TASK PROMPT
Everything from the line with "Vector de Vietnam" to the final line of the records should be reproduced word for word, with both of those lines kept.

INFORMATION SUPPLIED

+++++

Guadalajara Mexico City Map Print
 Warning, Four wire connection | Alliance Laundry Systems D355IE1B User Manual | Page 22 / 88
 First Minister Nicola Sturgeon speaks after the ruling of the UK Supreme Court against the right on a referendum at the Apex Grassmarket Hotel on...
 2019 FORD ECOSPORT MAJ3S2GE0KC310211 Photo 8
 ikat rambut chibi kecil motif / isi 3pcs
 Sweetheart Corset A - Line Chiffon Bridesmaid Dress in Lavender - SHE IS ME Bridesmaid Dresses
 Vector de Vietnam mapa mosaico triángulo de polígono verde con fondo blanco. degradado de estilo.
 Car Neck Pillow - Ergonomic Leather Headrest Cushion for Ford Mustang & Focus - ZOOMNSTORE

+++++

EXPECTED ANSWER
 Vector de Vietnam mapa mosaico triángulo de polígono verde con fondo blanco. degradado de estilo.
 Car Neck Pillow - Ergonomic Leather Headrest Cushion for Ford Mustang & Focus - ZOOMNSTORE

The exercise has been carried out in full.